> ACTIVITY: Transcribe nothing except the lines below that run from the one with "Zenmo TIARA 8-Piece" to the one with "Burlap Upholstered Antique Arm Chair", ends included, and do not copy any picture.

> DATA:

"""

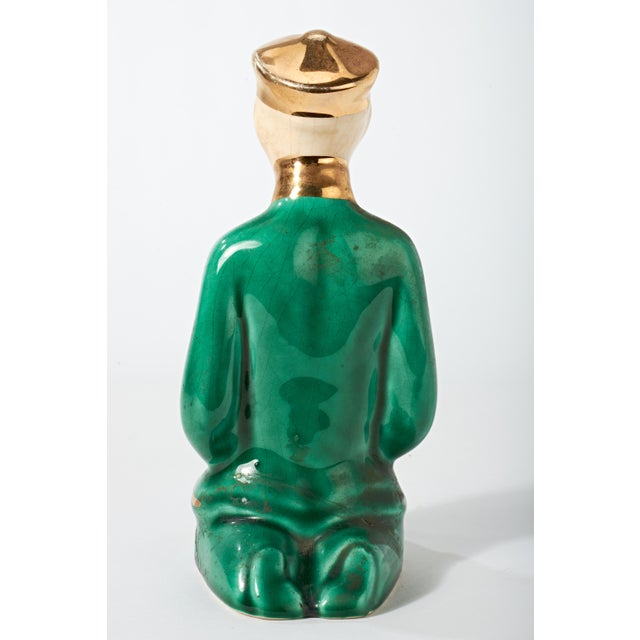 Mid 20th Century Vintage Ceramic Figurine of Kneeling Chinese Man in Green and Gold For Sale - Image 5 of 9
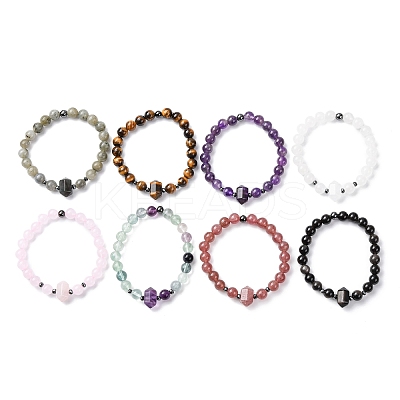 Natural Mixed Gemstone Beaded Stretch Bracelet for Women BJEW-A145-01-1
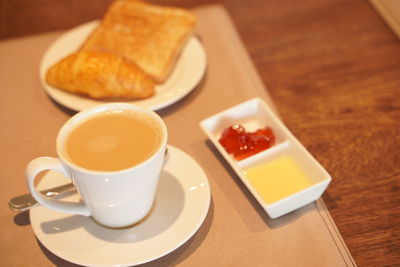 High angle view of breakfast on table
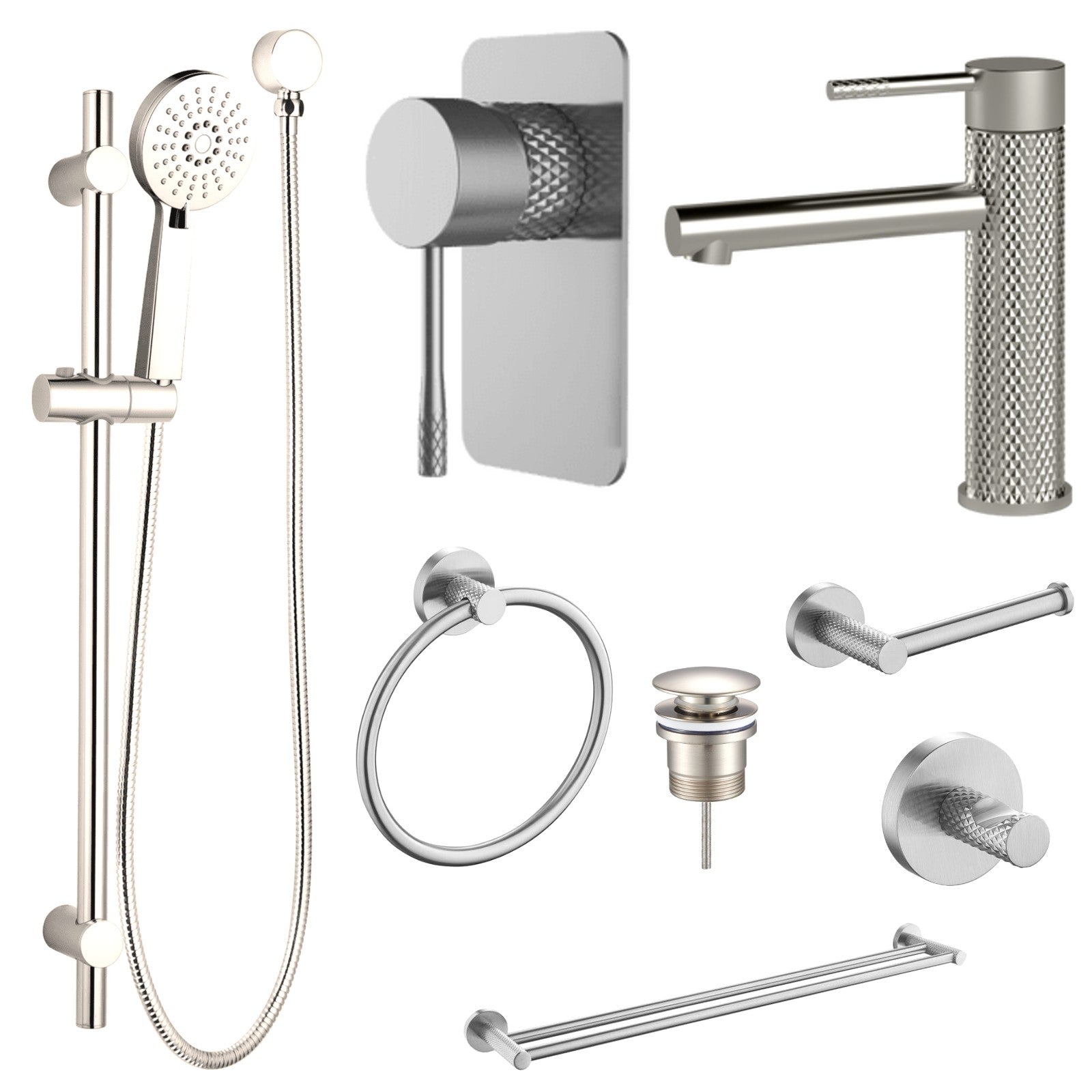 Zenmo TIARA 8-Piece Bathroom Package - Brushed Nickel: every piece in the package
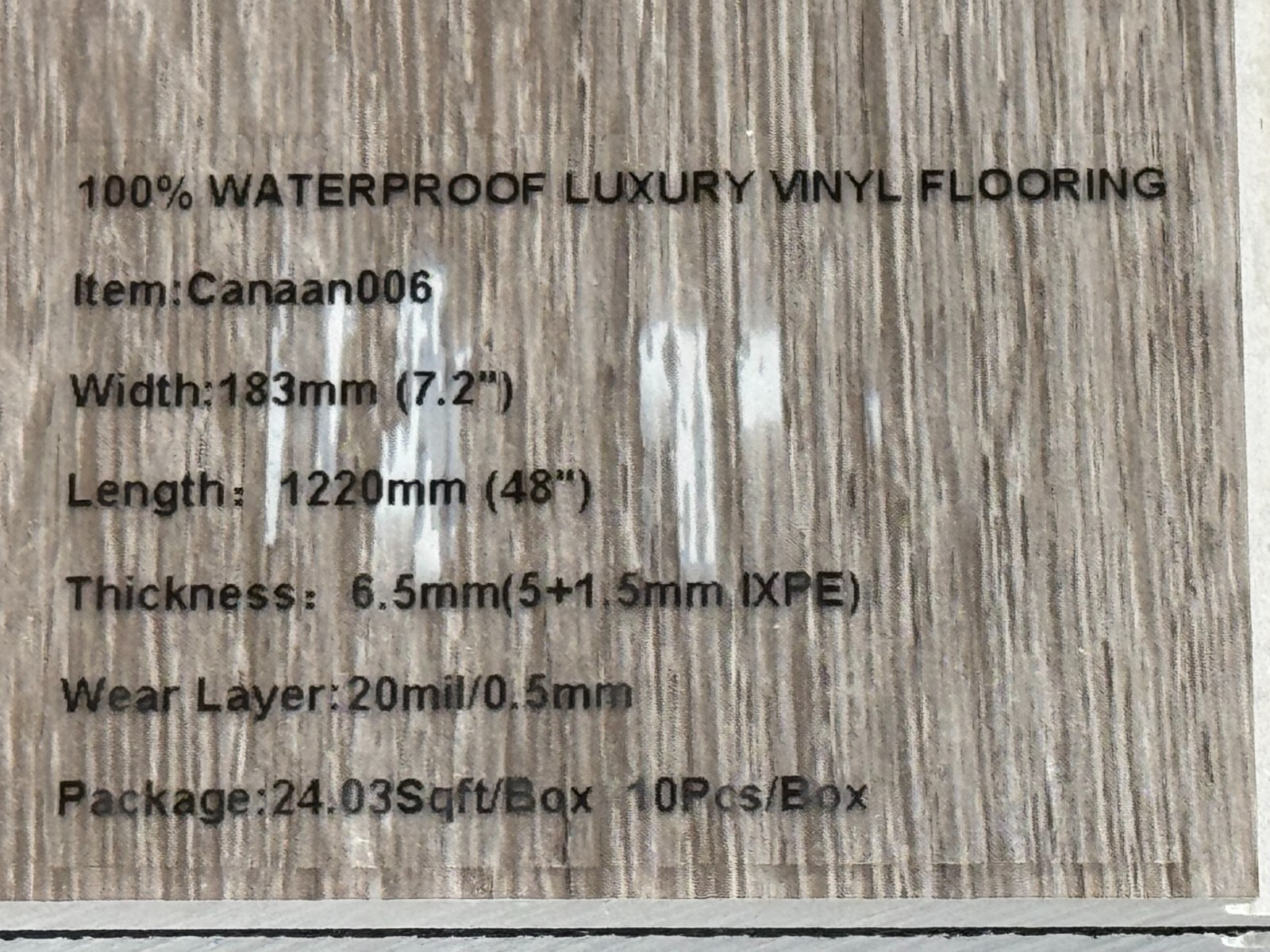 SPC Luxury Vinyl Click Flooring Plank Waterproof w/pad 1.5mm IXPE SAMPLE 006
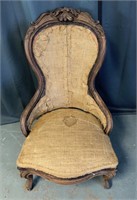 Burlap Upholstered Antique Arm Chair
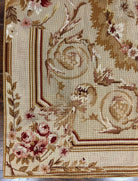 Aubusson Needlepoint Rug 4x5 ft, Beige and Tan, Aubusson Savonnerie Vintage Carpet, Handwoven Handmade Wool Rug, European Design Floral Rose - Jewel Rugs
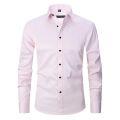 Anti-Wrinkle No-Ironing Elasticity Slim Fit Men Dress Casual Long Sleeve Shirt White Black Blue Red Male Social Formal Shirts.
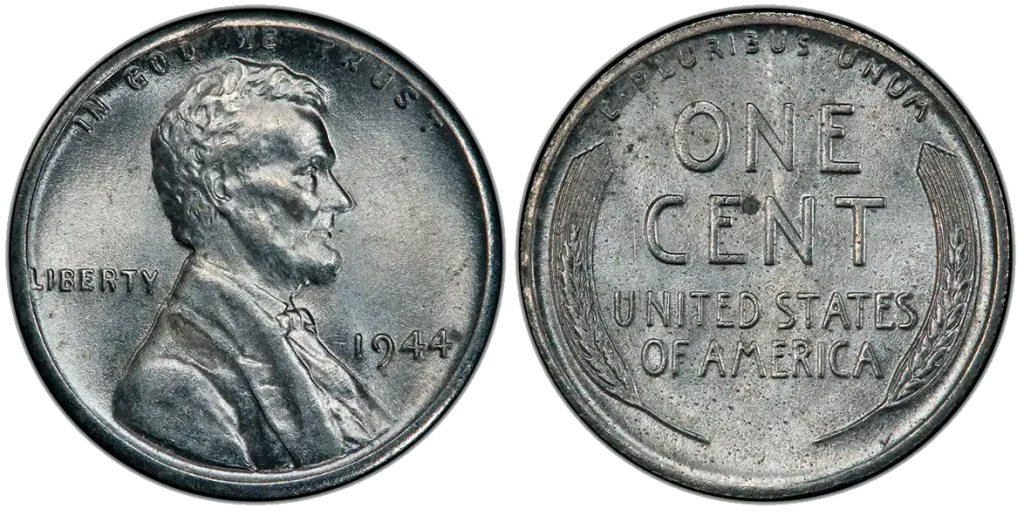 obverse and reverse 1944 Steel Cent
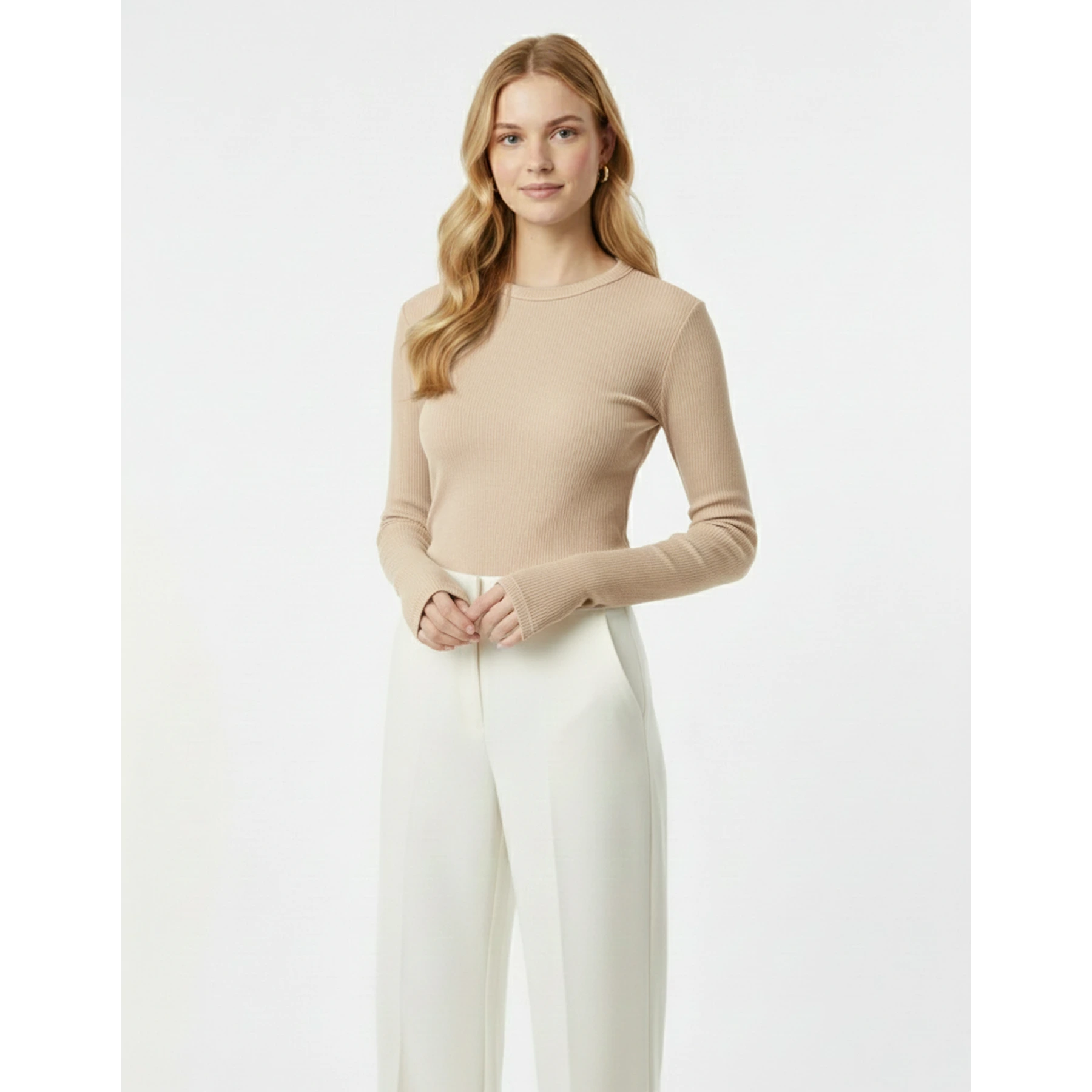 Beige Ribbed Crew Neck Top | Montivo Pakistan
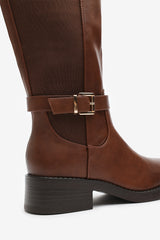 Miriam Wide Fit Brown Faux Leather Knee High Riding Boots With Side Buckle Strap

"""

> SOLUTION FOR THIS EXERCISE:
 Zenmo TIARA 8-Piece Bathroom Package - Brushed Nickel: every piece in the package
 SPC Luxury Vinyl Click Flooring Plank Waterproof w/pad 1.5mm IXPE SAMPLE 006
 Burlap Upholstered Antique Arm Chair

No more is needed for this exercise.